Advertisement

2 Groups Aid Push for Malibu Incorporation

Share
COMMUNITY CORRESPONDENT

In its battle to become a city, Malibu found new allies this week.

Two municipal government organizations--the Los Angeles Division of the League of California Cities and the Contract Cities Assn.--started lobbying to speed up cityhood for the famed beach community.

The league sent a letter to the Los Angeles County Board of Supervisors urging immediate incorporation of Malibu, and League President Hal Croyts urged the 84 member cities to pass their own council resolutions supporting Malibu.

Malibu residents voted overwhelmingly in June to incorporate, but the Board of Supervisors, which has resisted the cityhood effort for years, invoked a novel legal interpretation to postpone the date of incorporation until next March. Last month, an appellate judge ruled that the county had sufficient legal grounds for the delay.

Advertisement

“It is unfair to the residents and their newly elected representatives to delay implementation (of cityhood),” said the league’s letter, which was signed by Croyts, a Lomita city councilman. “What’s at stake here is the right of the people to govern themselves. The people of Malibu made a decision to incorporate and the county of Los Angeles shouldn’t interfere with it.”
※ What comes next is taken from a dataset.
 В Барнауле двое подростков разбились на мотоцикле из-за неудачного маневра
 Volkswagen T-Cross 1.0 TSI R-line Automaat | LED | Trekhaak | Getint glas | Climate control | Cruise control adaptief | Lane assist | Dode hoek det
The 70-member Contract Cities Assn. was also preparing a letter to the board this week, according to Sam Olivito Jr., executive director of the statewide group. “We’re firmly in support of a community’s effort to self-governing,” he said. “We’ve been watching this situation all along, and we decided to take action after the July 18 court ruling delaying cityhood until next year.”

The two letters coincide with a mail campaign launched Tuesday in Malibu to get a state law passed to let the area incorporate now. The council-elect urged residents to flood Sacramento legislators with letters in support of a bill by state Sen. Ed Davis (R-Santa Clarita) that could go to the Assembly floor as early as today and to the Senate next week.

The bill would allow Malibu to incorporate next January instead of in March. An emergency clause approved by the Senate Rules Committee Tuesday would let the community incorporate immediately, but that provision needs a two-thirds vote from both houses for passage.

The legislative session ends Aug. 30, “so we haven’t much time,” said Malibu lobbyist Anthony Gonsalves. “But we’ve got equity on our side.”